Dad,
The internet is full of great quotes that famous people never said. One of my favorite things G.K. Chesterton probably never said is that “The most extraordinary thing in the world is an ordinary man and an ordinary woman and their ordinary children.”
If he ever had said it, he would have been absolutely right. What we think of as the basic family unit is deceptively unusual in the scope of history. It can only become the norm in a culture whose “rules of morality are clear,” which is something you did say, yesterday, in your letter.
It makes me think of a comedy special we both watched on Netflix recently, by the famously clean and openly Christian comedian Nate Bargatze. To me Bargatze’s comedy represents a “normie revival,” in which the basic assumptions of normal people are becoming acceptable and even aspirational again.
After wallowing for decades in the unfunny grievances of fashionably damaged weirdos like Hannah Gadsby, standup is gravitating back toward older riffs on the charming quirks of domestic life. Like the “wifejak” meme trend, Bargatze’s routine depends on shared mass affection for the way most people, most of the time, want to live.

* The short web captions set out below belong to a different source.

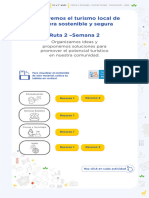 06 - Recursos - Ruta 2 - Sem 2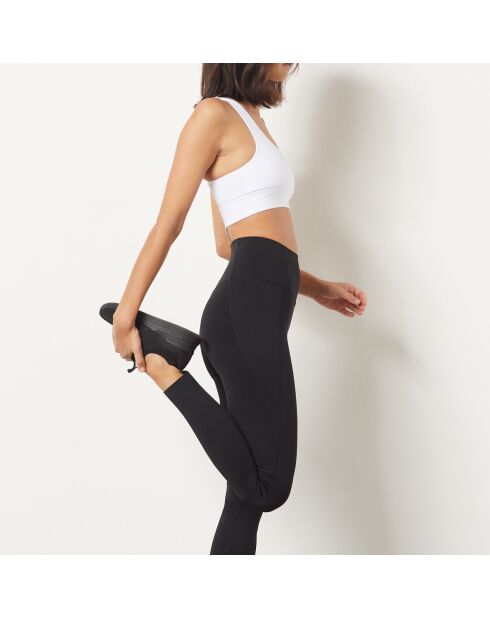 Legging Stronger noir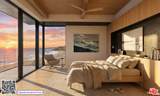 21644 Pacific Coast Highway - Photo 5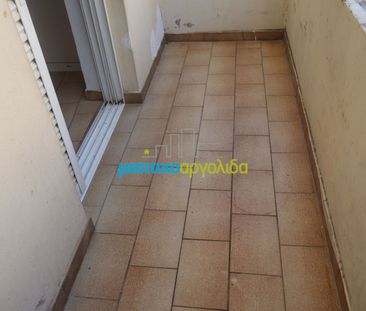 Διαμέρισμα για ενοικίαση Γεφύρια - Αγία Αικατερίνη - Άγιος Κωνσταντ... - Photo 5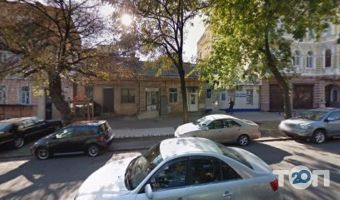 Респект, аудиторська фірма фото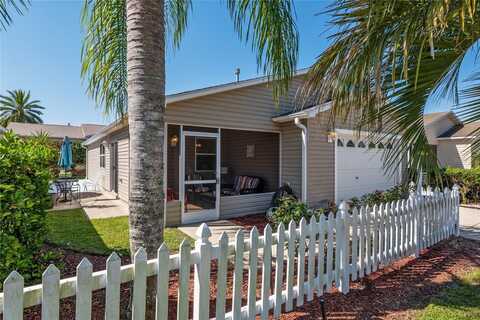 992 PINEWOOD PLACE, THE VILLAGES, FL 32162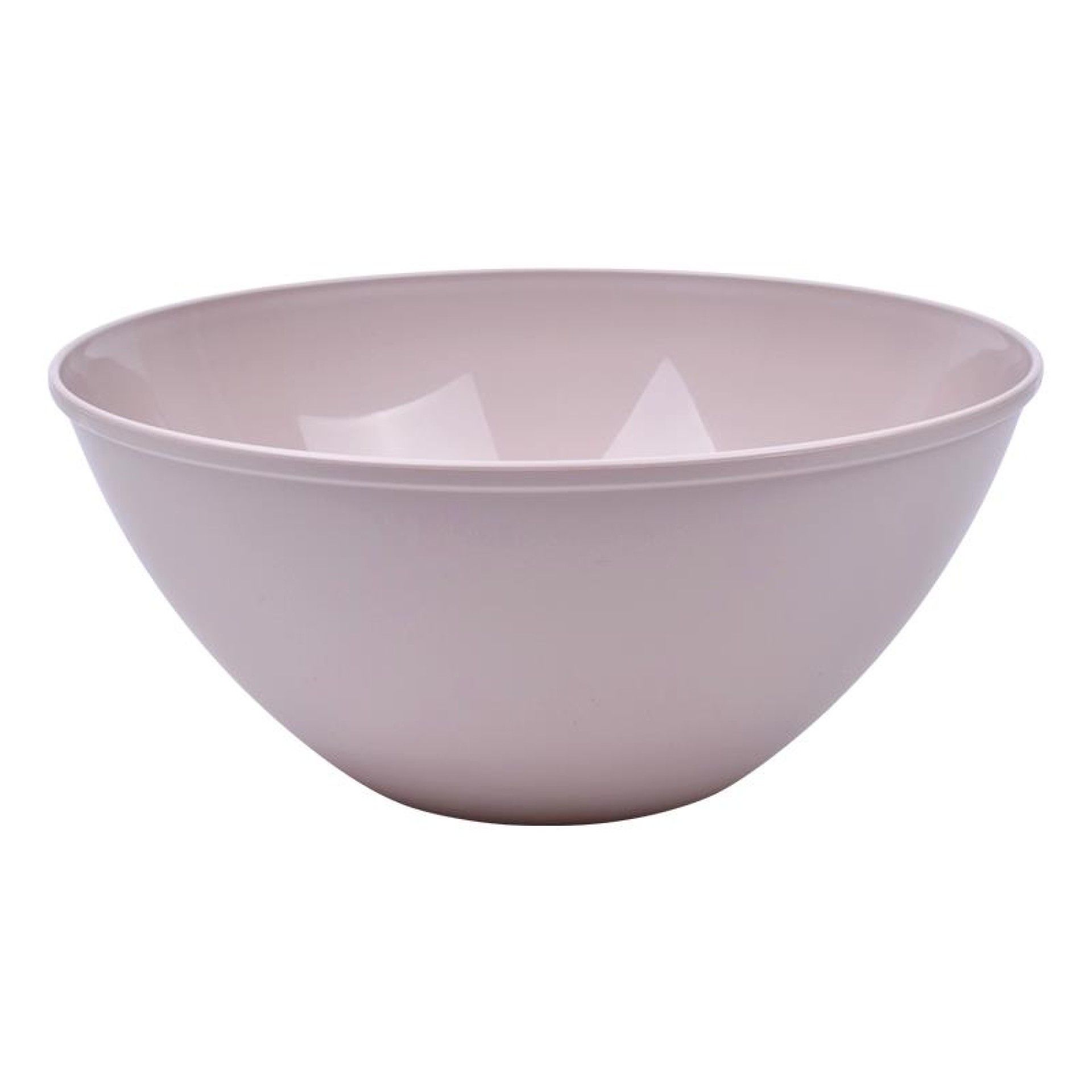 SALADEIRA PLAST JANA 5L 2021 SALADEIRA PLAST JANA 5L 2021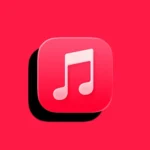 iOS 26.4 Apple Music Redesign Adds Fullscreen Albums and Concert Discovery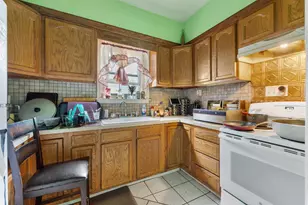 397 N Franklin St, Pottstown, PA 19464 - Photo 10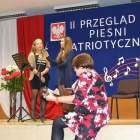 zdjęcie nr 28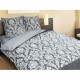 Постельное белье полуторное ТЕП 945 Летуаника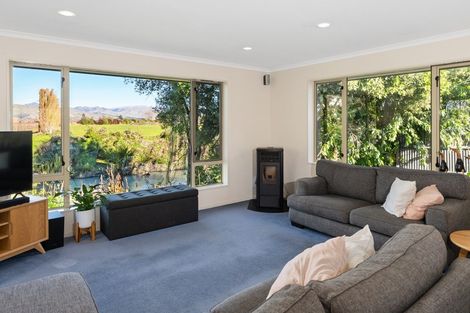 Photo of property in 164b Budge Street, Riversdale, Blenheim, 7201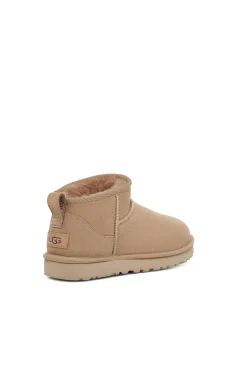 Bota Ultra Clássica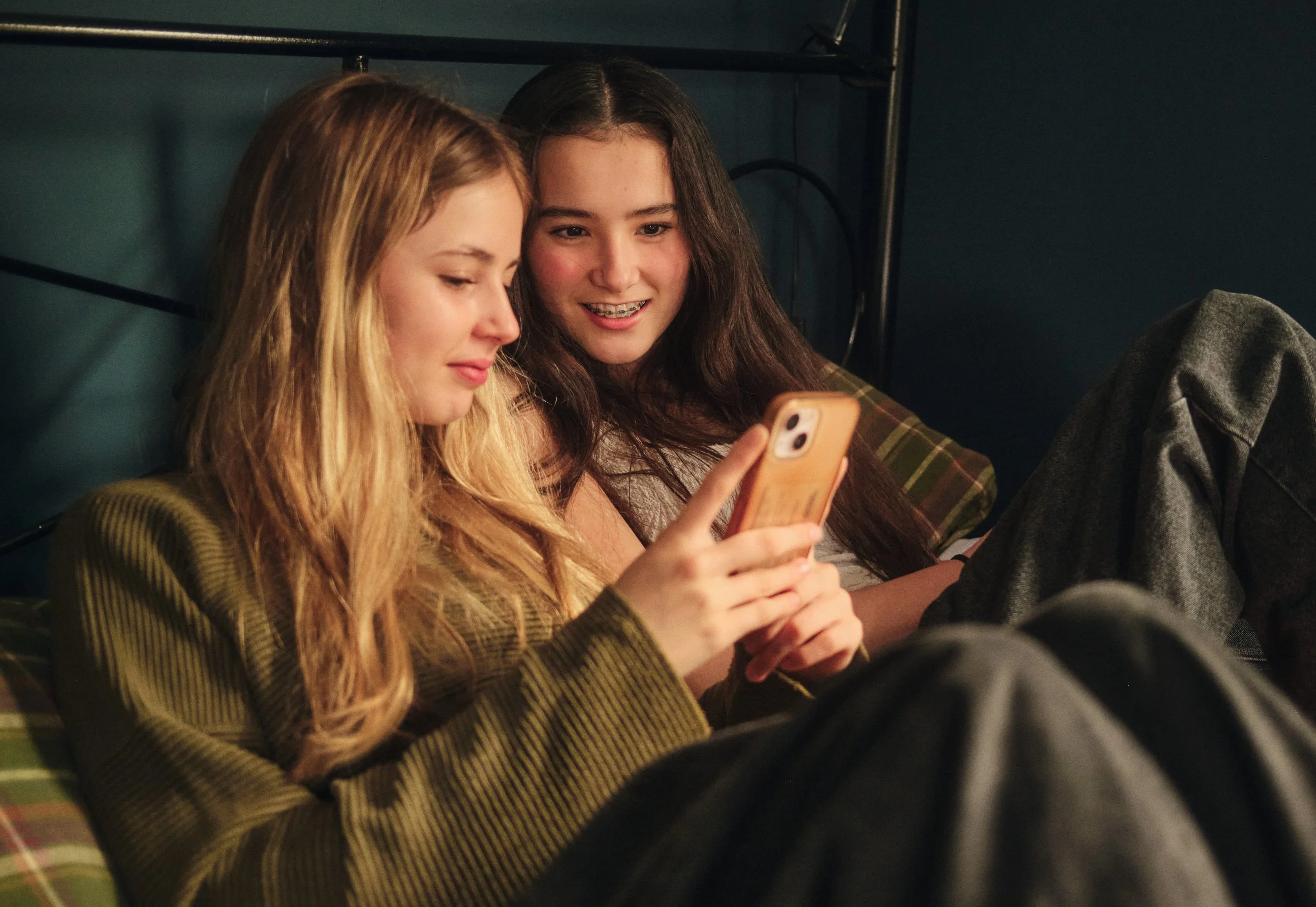 Normal_Teens_Scene_0053.jpg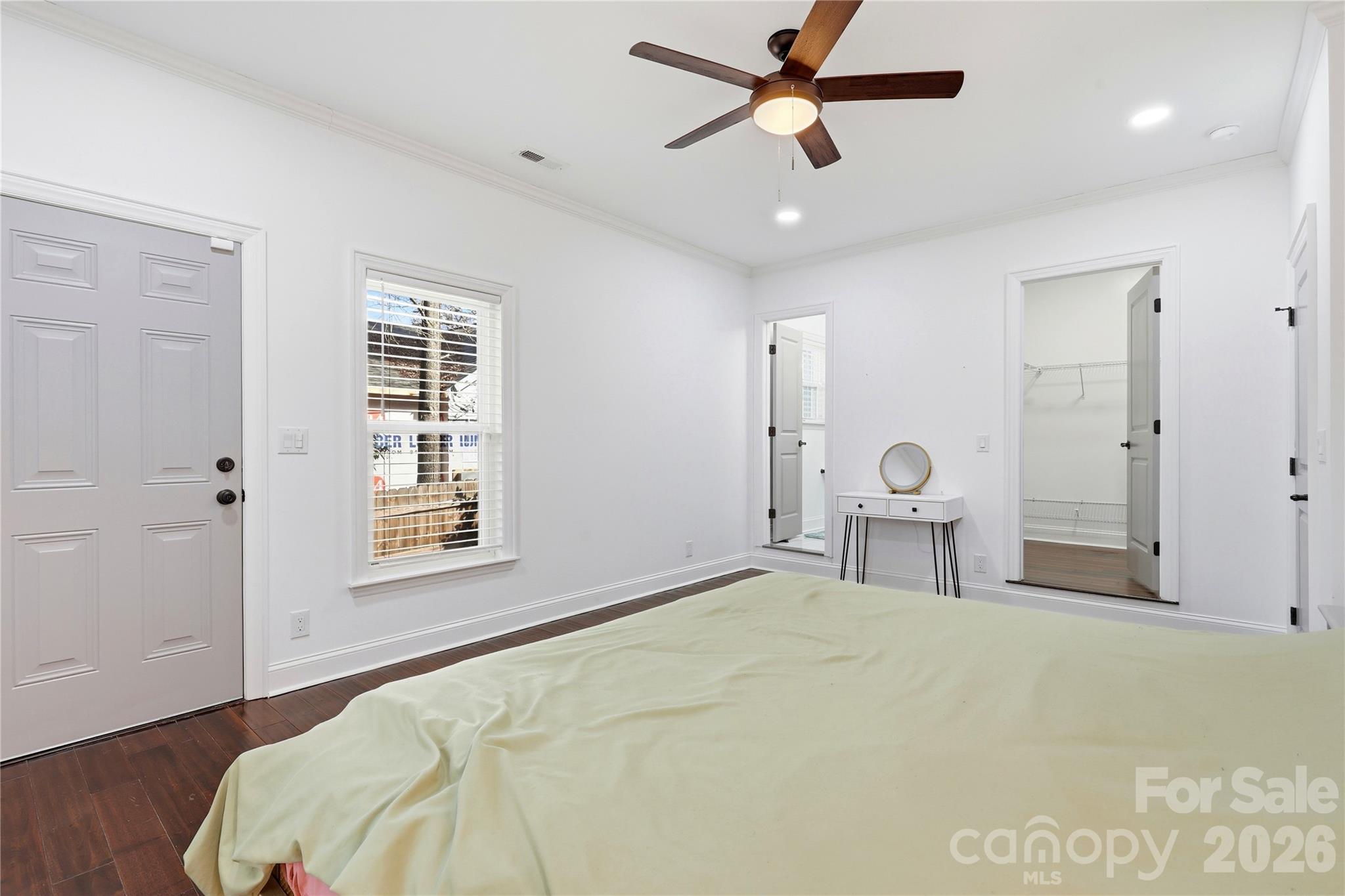2224 Weyland Avenue Charlotte NC 28208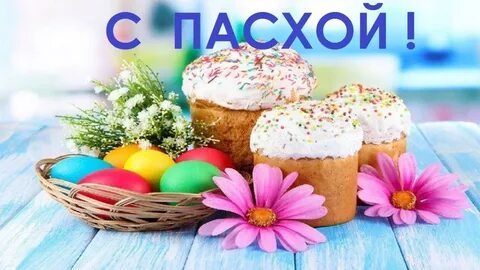 https://avatars.mds.yandex.net/i?id=9a3064244372eafa5dc0999542d641de6bee46b0-4443740-images-thumbs&n=13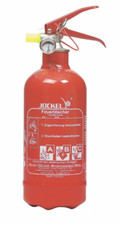 Pl1jm 8 Jockel Fire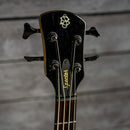 Spector Legend 4 Classic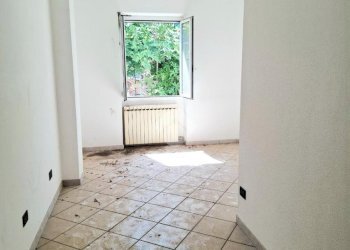Semi-detached house Via Principale, Diano Arentino - photo 15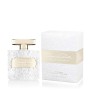 Parfum Femme Oscar De La Renta Bella Blanca EDP 100 ml: Plus de 300.000 produits de grandes marques en vente directe à prix usin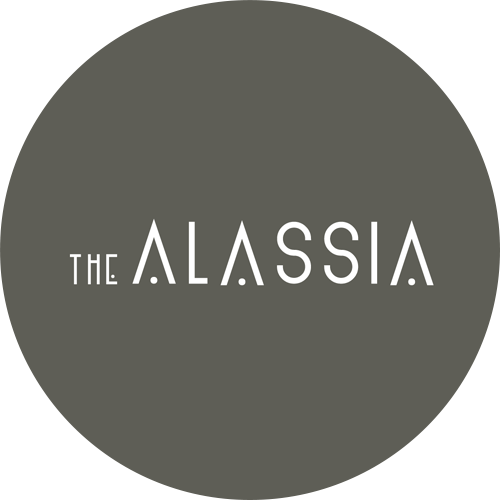 The Alassia Hotel Athens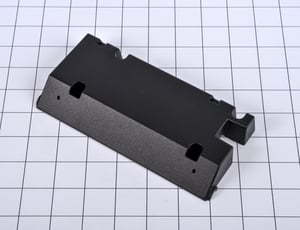 Image of 1001091279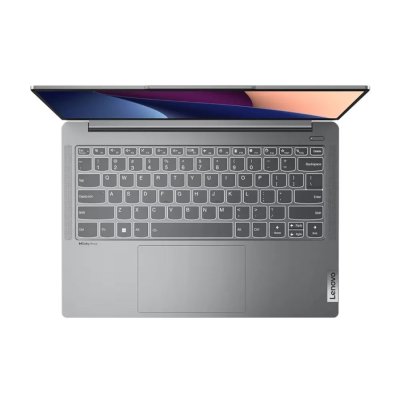 ноутбук Lenovo IdeaPad Pro 5 14IRH8 83AL003HRK Серый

At the same time, and not coincidentally, debate is raging on Twitter over whether a comfortable middle-class American existence is even possible or desirable anymore. Chris Rufo says yes, times may be tough economically but that’s no reason not to buckle down and build. Dissident celebrity Bronze Age Pervert replies that the wage jobs which used to sustain a happy family have become prohibitively demoralizing and underpaid.
Myself, I can’t help feeling like what’s at issue here is the spiritual horizon of everyday life. It may surprise our readers to learn this, but most people are normal. By definition, we can’t all win extraordinary recognition or wealth. So, also by definition, widespread happiness depends on the possibility of achieving fulfillment without the glamor and excitement of becoming a world-historic figure.
If there's no reward for life on offer besides the worldly goods of money and fame, normalcy becomes drudgery. This is probably why a purely secular society is doomed to generate mass discontent: by its nature, it can never satisfy most of its members.
I think it follows that the test of true religion is whether it can make an adventure out of being merely human. Something Chesterton actually did say is that “even nursery tales only echo an almost pre-natal leap of interest and amazement. These tales say that apples were golden only to refresh the forgotten moment when we found that they were green. They make rivers run with wine only to make us remember, for one wild moment, that they run with water.”
The fact of existence, rather than nothingness, is itself astonishing. In the same vein, Isaiah once stressed that the messiah would look like any other human, with “nothing in his appearance to attract our attention.” From this I gather that what looks outwardly like normalcy is already, inwardly, a miracle.
Love,
Spencer
Young people do believe they can’t afford children. Quick anecdote, I was talking to a young man working in a Lego store yesterday. He said he couldn’t afford children. I told him, times have always been tough. I was in high school during the stagflation years of Jimmy Carter. Mortgage rates could be as high as 17%. I didn’t bother going into earlier generation’s struggles. The problem today is people expect so much more, stuff, keeping up with the Joneses syndrome if you will. But a normal life, without online videos of a glamorous lifestyle can be wonderful.
You have touched upon what I call glory in the daily-ness of life. It creates contentment and a profound sense of accomplishment when cultivated. If you are capable of a small stab of joy when your windowsill cactus puts out a tentative bud; or a beautifully written line of prose stirs your admiration; If you can enjoy a laugh at your own folly and stupidity, then forgive yourself, as you forgive others, with a vision of connectedness to imperfect humanity; if you can truly thank God, with a heart ripe with gratitude for His care ... well, I'm sure you get the idea. Add children and grandchildren, and you are in the midst of Goodness Itself.